Drupal Book XML import/export

Over the past few days I've been revisiting XML export and import from Drupal book module. I've introduced a simpler XML structure, to support the basic task of export and import. The definition is still in flux as I experiment with what information needs to to be saved, and how it is represented. Eventually we will need to be able to specify what information is to be exported/imported.

Another set of questions revolves around how this functionality should be packaged and presented. How much should live in node.module, how much in book.module, in another module? Some of the functionality can be applied to other types of Drupal content. Some of what I'm doing overlaps with the existing XML import/export module.

At the moment we have export to DocBook XML, with content stored as CDATA. I've been able to edit this in oXygen, and I've been able to produce PDF output via PassiveTeX and FOP. Of course the output is pretty ugly, because we're rendering CDATA - everything is treated as pre-formatted.

I also have been able to transform HTML into DocBook via the HTML2DocBook XSL stylesheets from within a Drupal PHP page. This opens the door to full DocBook export. Because HTML is not intended as a print markup language, the result of the transformation will in general have to be manually edited to produce a useful DocBook manuscript. Because this XSLT transformation must be applied to each node of a book during export, this is likely to be a compute-intensive operation.

Finally, I have various programs to do things with the exported 'Drupal' XML. One such program imports the XML back into Drupal, either as an entirely new book hierarchy, or as an update of an existing book.

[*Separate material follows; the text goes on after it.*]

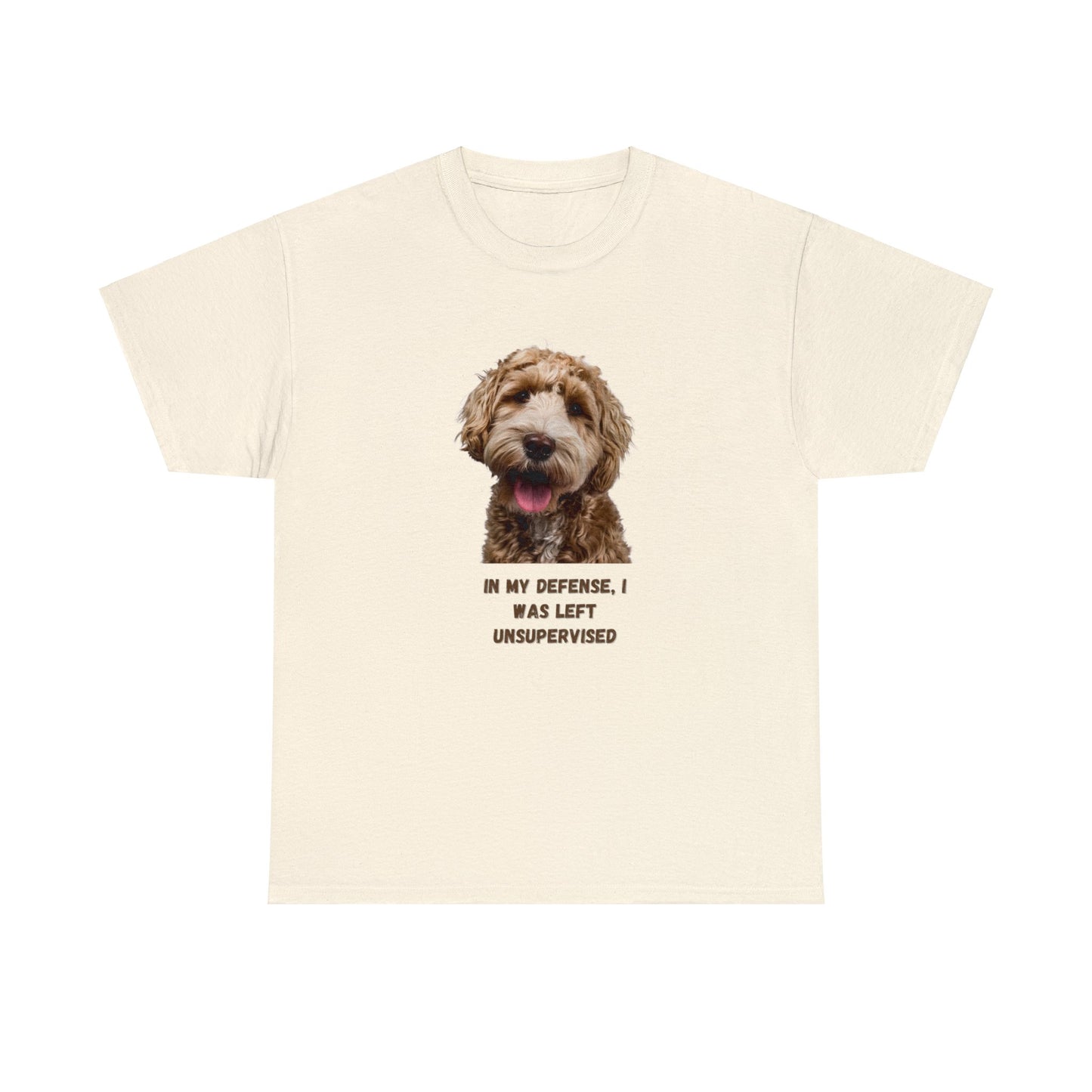 In My Defense Doodle Dog Unisex Heavy Cotton Tee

Another program explodes the XML export file into a directory hierarchy, with one HTML file per node, child nodes represented as subdirectories, and a metadata file per directory. This directory can be edited/manipulated with ordinary text editors and file utilities. Given a program to traverse such a structure and generate an XML file for import/update, this gives a way to do bulk desktop editing of a book, and move to a new Drupal site, or update an existing Drupal book.